Ci spiace tornare sempre sugli stessi temi, ma continuiamo a vedere come la Michelin, nel piantare bandierine in tutti i posti del mondo, oltre a fatturare, portare alla ribalta nuove destinazioni gastronomiche (reali o meno che siano), pare adattare i suoi criteri di valutazione ai vari Paesi. Non ci sarebbe nulla di male, se la cosa fosse dichiarata. Invece non è così: a domanda diretta, la replica (quando si ha la fortuna di riceverla) rifiuta categoricamente questa ipotesi. «Non è così, perché abbiamo dei team internazionali» ci diceva un anno fa Elisabeth Boucher-Anselin, direttrice della comunicazione mondiale per le attività gastronomiche e turistiche della guida Michelin, spiegando anche che i ristoranti sono visitati da ispettori di ogni nazionalità, e tutti seguono gli stessi parametri di valutazione. Eppure a guardare le varie guide risulta evidente come in certi posti siano stati premiati ristoranti che in altri (leggi: in Italia) non avrebbero neanche una citazione senza valutazioni. Ristoranti spartani, locali semplici nell'ambiente, nel servizio e talvolta anche nella proposta, street food, addirittura una gelateria. È vero che sin dalle sue origini la Rossa ha dichiarato che quel che conta è sempre e solo il cibo, anzi Elisabeth Boucher-Anselin aggiungeva che «gli ispettori del Michelin sono veramente aperti. Per loro non si tratta del cerimoniale, o di avere questo o quel piatto, ma di vedere se un posto è veramente buono, autenticamente buono. E poi nei criteri di valutazione ce ne è uno che non è facile: ovvero la coerenza in tutto il menu e per tutto l'anno». Ma a noi non convince.

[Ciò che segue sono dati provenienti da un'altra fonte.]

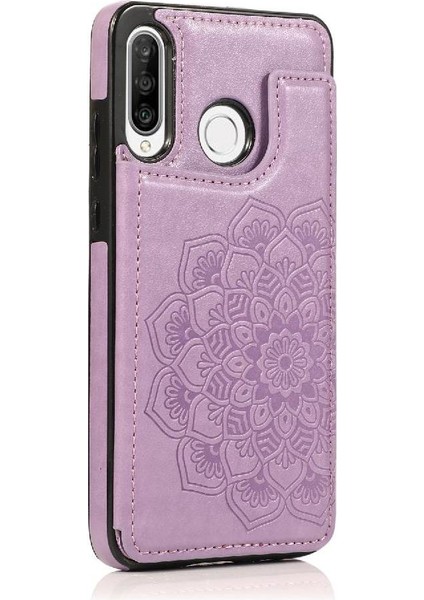 Huawei P30 Lite Flip Darbeye Dayanıklı Desen Için Kart Tutucu Kılıf ile Cüzdan (Yurt Dışından)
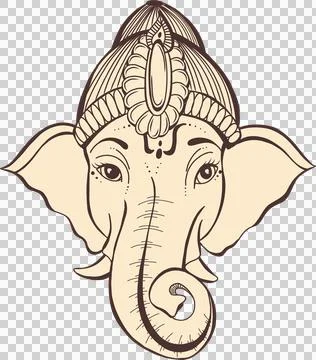 Stylized line-art elephant head is showing curling trunk and ornate crown on Stock Illustration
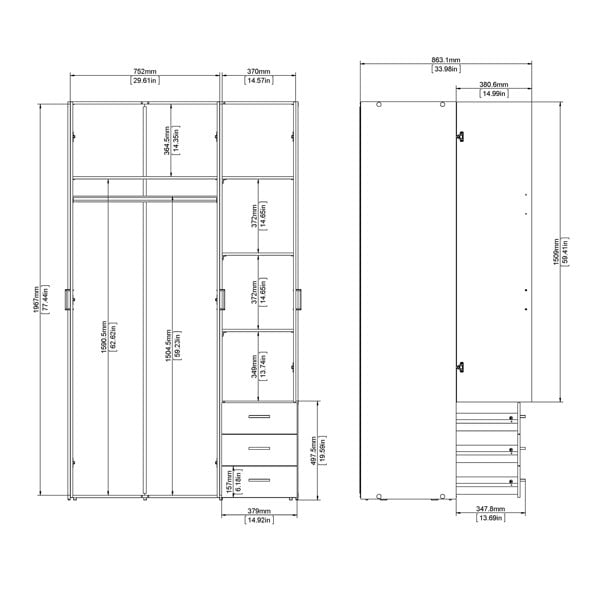 Furniture To Go Space Wardrobe - 3 Doors 3 Drawers in White 2000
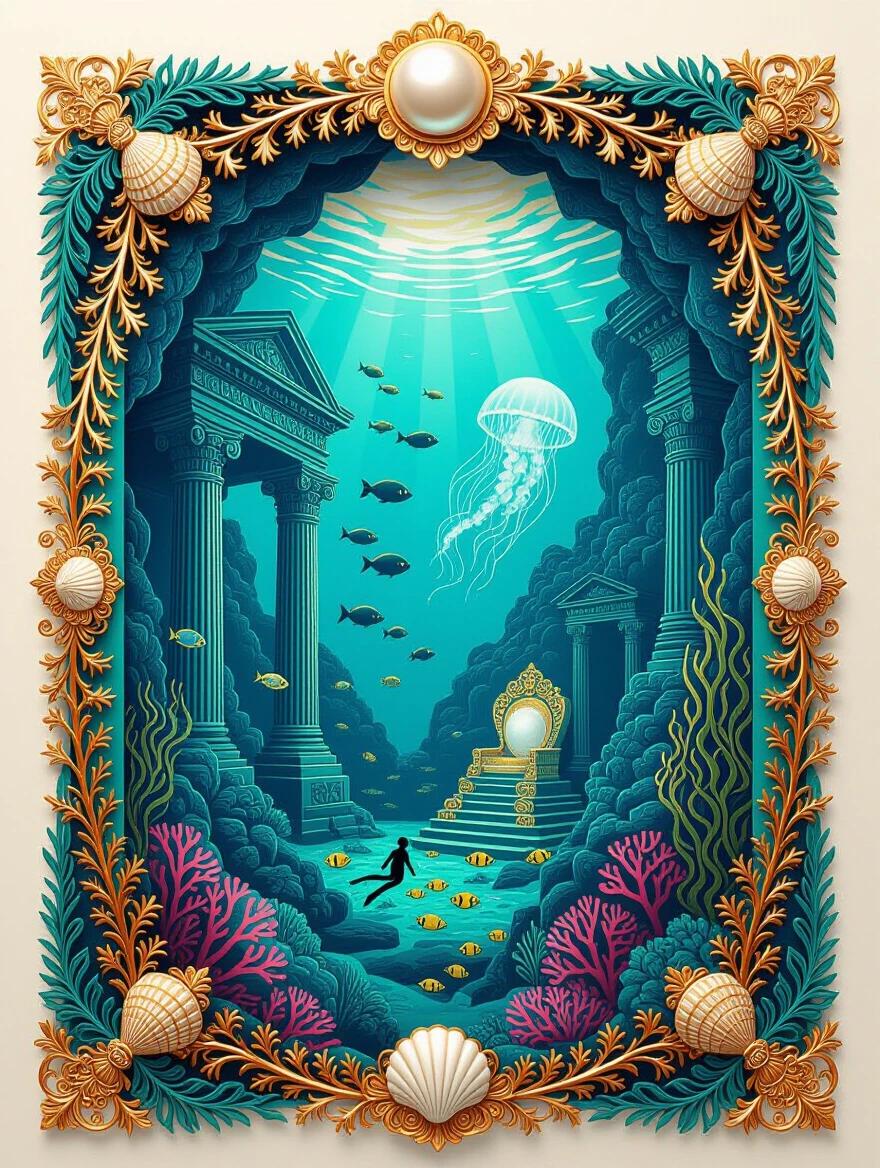 Intricate paper-cut art illustration framed by ornate border. Central scene shows sunken treasure chamber with columns and golden artifacts. Tropical fish swim among ancient ruins. Pearl glows on coral throne. Kelp forests and jellyfish drift in blue-green waters. Diver silhouette explores palace. Sunlight creates rays through ocean. Decorative frame features seaweed patterns and shell motifs. Layered technique creates depth. Contrast between warm treasure light and dark ocean depths. Rich oceanic color palette.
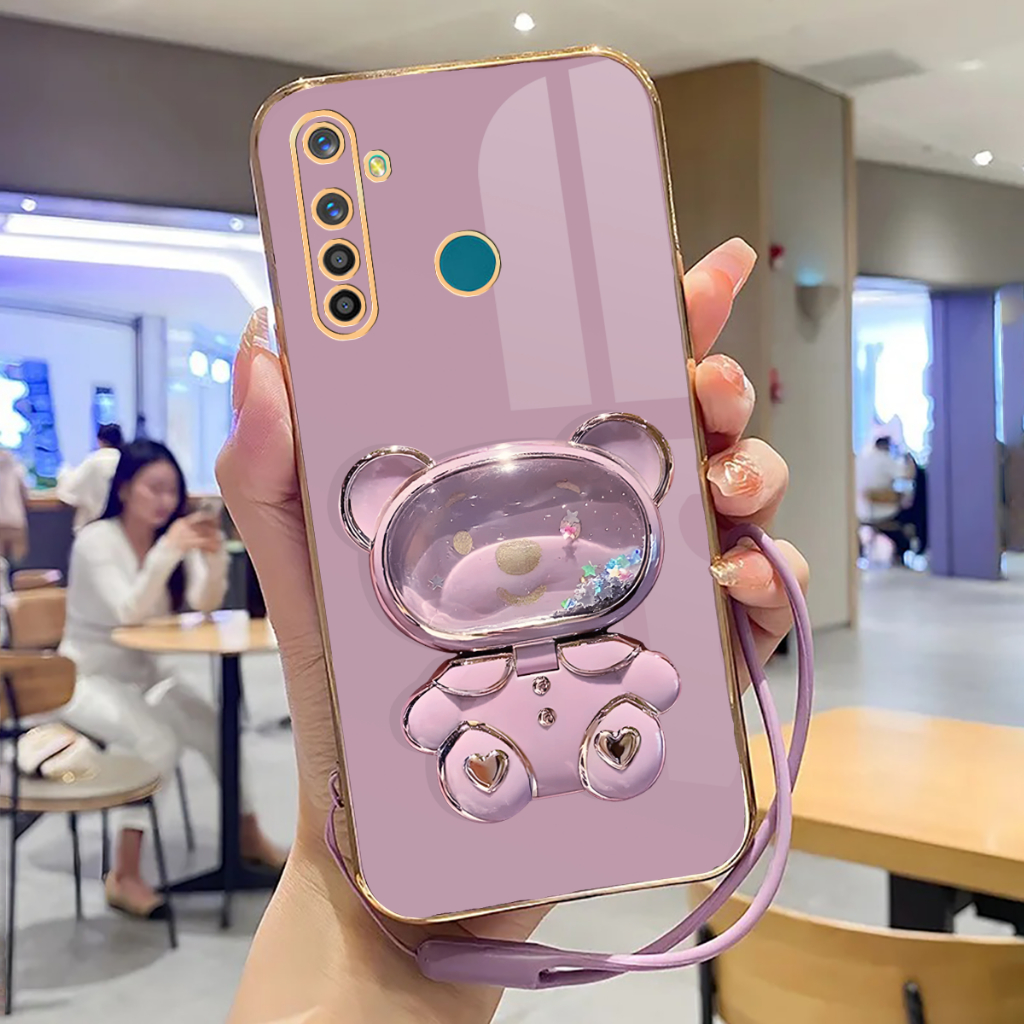 Soft Case Realme 5,5i,5s Case Stand Holder Mirror Silicone Luxury Plating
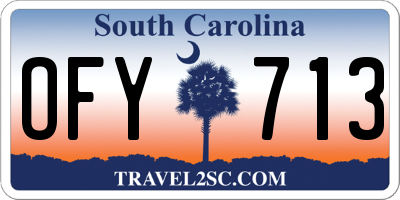 SC license plate OFY713
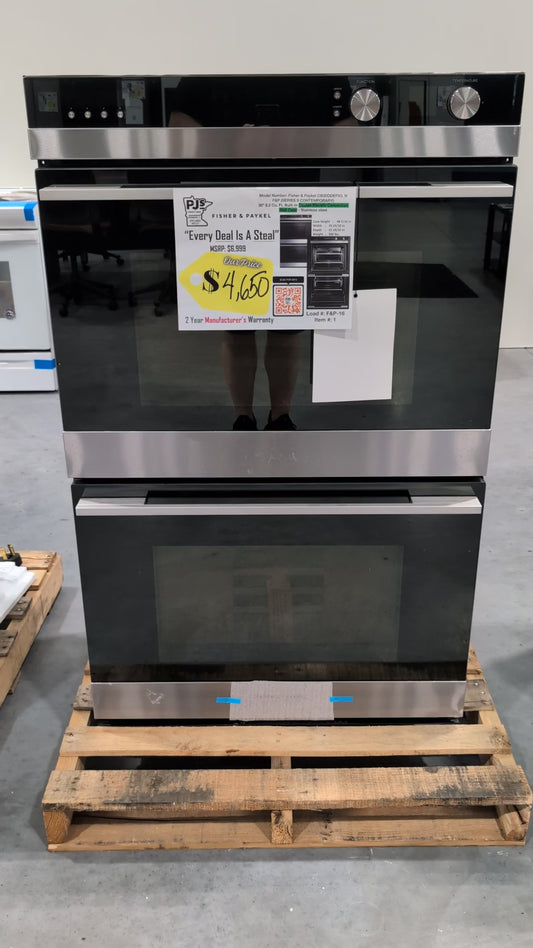 FISHER & PAYKEL OB30DDEPX3_N 30" Series 9 Contemporary Self-Cleaning Double Oven 11 Function
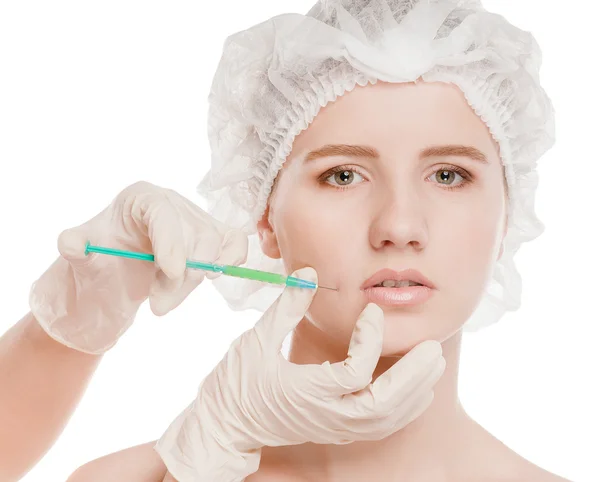 Cosmetic botox injection in face — Stock Photo, Image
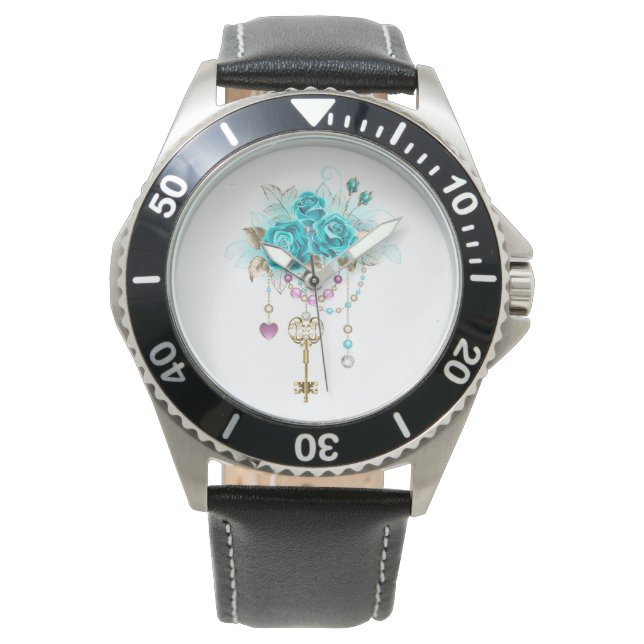 Reloj De Pulsera Rosas turquesas con llaves (Anverso)
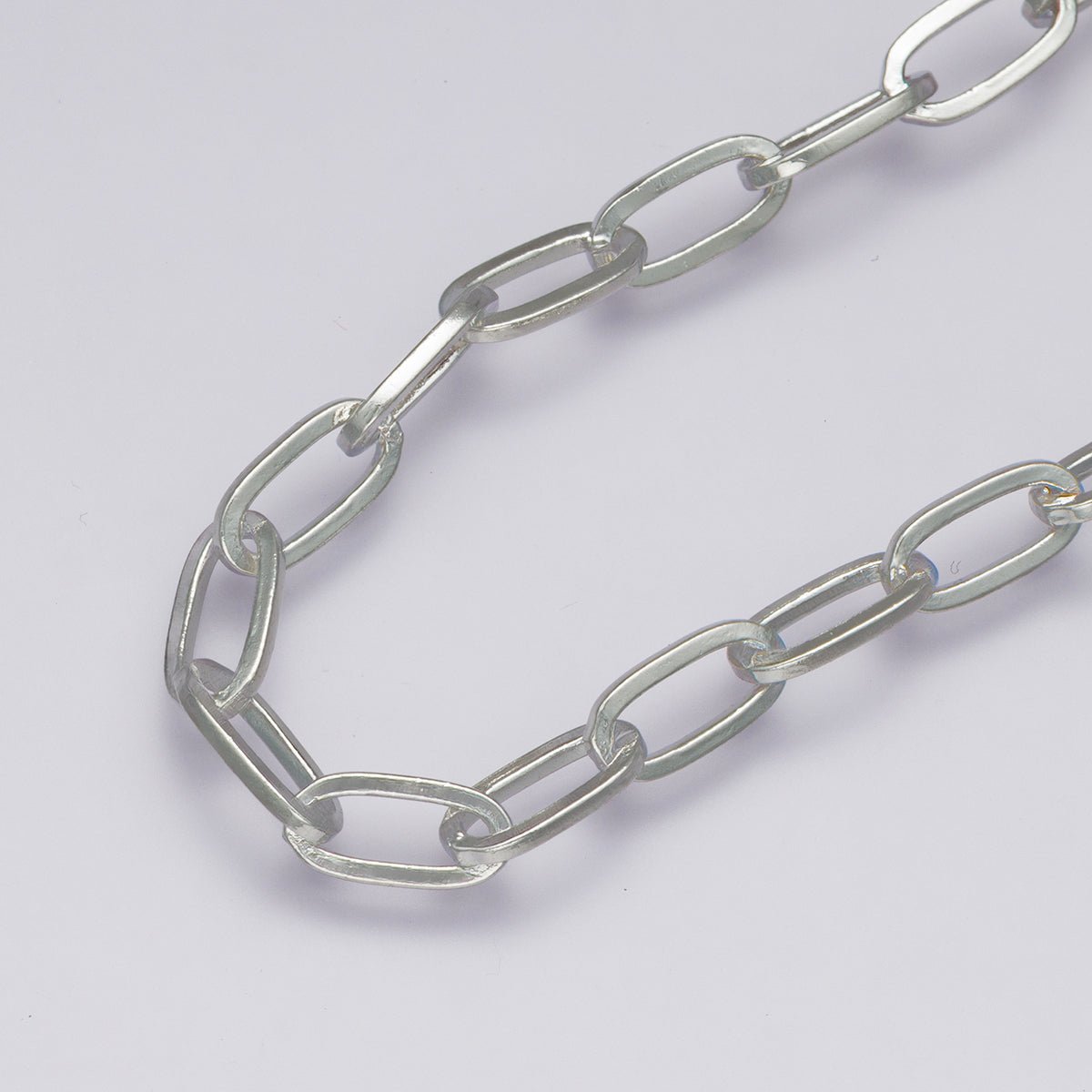 Rhodium Plated 4.6mm Minimalist Paperclip Unfinished Chain by Yard | Roll - 01862 - DLUXCA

Nonostante questo salta agli occhi la predilezione della Rossa, soprattutto nella vecchia Europa sotto le Alpi, che un certo classicismo e la ritualità tipica del fine dining sia apprezzata quando non indispensabile. Senza contare che la stessa Michelin indica i criteri di assegnazione delle stelle: «Per assegnare il riconoscimento, teniamo conto di 5 criteri che applichiamo ovunque: la qualità degli ingredienti, l’armonia dei sapori, la padronanza delle tecniche, la personalità dello chef espressa nella sua cucina e, cosa altrettanto importante, la coerenza nel tempo e dell’intero menù». E già qualcosa qui non quadra. Sfugge come certi posti come i Bbq del Texas possano esprimere la personalità dello chef. Cosa che implica identità, originalità, creatività. Quella che i molti bistrot d'autore oggi manifestano senza timore (ma spesso senza tovaglia).
I Bbq come le pizzerie
Con la massima disponibilità d'animo per comprendere le ragioni altrui, i neostellati InterStellar BBQ, la Barbecue o LeRoy and Lewis Barbecue di Austin o ancora CorksCrew di Spring sono “normalissimi” (pur se buonissimi) posti che fanno carne alla griglia all'interno delle coordinate tipiche di quella parte del mondo: brisket, pulled pork, ribs con contorno di cipolla, mac&cheese, jalapeno, potato salad, Talvolta anche sandwich o taco. Qualche spunto minimo di originalità in una marinatura o nel mix di spezie, ma poco altro. Il tutto in ambienti che definire spartani forse non è abbastanza. Comprendendo appieno che i Bbq rappresentano il DNA gastronomico del Texas, possiamo pensare che siano un po' come certe classiche trattorie italiane, quelle con una lunga storia, che ripetono alla perfezione i sapori del territorio, giorno dopo giorno e senza alcuna variante; quei locali che la Michelin non premia con la stella ma – eventualmente - con i Bib Gourmand (almeno da noi). Per non parlare delle pizzerie, che dopo un'apparizione negli anni '60 sono ignorati dalla guida (annosa questione, lo sappiamo): anche loro fanno parte della cultura immateriale di un territorio, assimilabili ai Bbq per diffusione, popolarità, legame con la società, ma anche perché come i Bbq propongono (quasi sempre) un solo tipo di prodotto. Ma nel corso degli ultimi anni il lavoro su tecnica, creatività, modalità di fruizione è stato enorme, al punto che i maestri pizzaioli hanno uno stile personale riconoscibile sia per quanto riguarda l'impasto della base che per il topping, senza contare l'impegno per migliorare gli ambienti, il servizio, la proposta del beverage con grandi cantine, pairing intelligenti, selezioni di Champagne degne di grandi blasoni. Nulla che convinca la Michelin a guardare con occhi diversi questi locali. Non più solo pizzerie, ma ristoranti a tutti gli effetti.